> **Goal of the exercise**
Output exactly the lines that run from the top of the entries to the line holding "6504 Baylor Avenue", including both of those lines.

> **Given information**
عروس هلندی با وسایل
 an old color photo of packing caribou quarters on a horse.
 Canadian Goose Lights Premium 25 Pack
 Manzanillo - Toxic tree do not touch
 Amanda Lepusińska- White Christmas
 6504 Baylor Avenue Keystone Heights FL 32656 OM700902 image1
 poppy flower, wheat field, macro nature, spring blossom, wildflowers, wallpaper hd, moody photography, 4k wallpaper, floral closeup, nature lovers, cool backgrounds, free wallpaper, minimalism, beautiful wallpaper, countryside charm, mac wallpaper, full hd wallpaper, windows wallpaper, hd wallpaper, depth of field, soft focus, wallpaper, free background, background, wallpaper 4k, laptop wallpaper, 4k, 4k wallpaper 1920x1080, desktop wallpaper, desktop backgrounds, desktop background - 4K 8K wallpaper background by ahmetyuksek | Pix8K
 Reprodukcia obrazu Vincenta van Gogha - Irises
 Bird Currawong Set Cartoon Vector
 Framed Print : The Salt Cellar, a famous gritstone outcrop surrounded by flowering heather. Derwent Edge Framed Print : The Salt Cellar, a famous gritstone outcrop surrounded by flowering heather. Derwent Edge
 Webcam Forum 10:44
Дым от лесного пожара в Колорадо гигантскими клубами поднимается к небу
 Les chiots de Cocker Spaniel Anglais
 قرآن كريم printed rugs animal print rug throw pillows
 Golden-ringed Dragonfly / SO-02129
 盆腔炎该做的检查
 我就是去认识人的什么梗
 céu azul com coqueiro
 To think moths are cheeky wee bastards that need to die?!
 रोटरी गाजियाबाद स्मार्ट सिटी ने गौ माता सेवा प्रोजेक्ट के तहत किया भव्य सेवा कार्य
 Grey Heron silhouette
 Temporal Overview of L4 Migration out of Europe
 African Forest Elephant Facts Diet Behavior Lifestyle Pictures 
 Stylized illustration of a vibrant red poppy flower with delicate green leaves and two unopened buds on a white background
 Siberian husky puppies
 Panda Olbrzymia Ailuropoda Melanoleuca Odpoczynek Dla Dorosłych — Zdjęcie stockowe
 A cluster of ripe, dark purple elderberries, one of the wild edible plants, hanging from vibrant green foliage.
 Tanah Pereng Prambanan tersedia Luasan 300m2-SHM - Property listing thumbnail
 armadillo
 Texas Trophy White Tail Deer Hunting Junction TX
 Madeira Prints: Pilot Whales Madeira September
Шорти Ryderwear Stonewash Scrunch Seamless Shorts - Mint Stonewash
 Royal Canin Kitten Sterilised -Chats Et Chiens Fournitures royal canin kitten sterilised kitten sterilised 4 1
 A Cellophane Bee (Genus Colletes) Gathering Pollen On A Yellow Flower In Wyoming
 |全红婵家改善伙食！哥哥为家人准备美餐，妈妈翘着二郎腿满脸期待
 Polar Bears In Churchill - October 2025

> **Answer to the exercise**
عروس هلندی با وسایل
 an old color photo of packing caribou quarters on a horse.
 Canadian Goose Lights Premium 25 Pack
 Manzanillo - Toxic tree do not touch
 Amanda Lepusińska- White Christmas
 6504 Baylor Avenue Keystone Heights FL 32656 OM700902 image1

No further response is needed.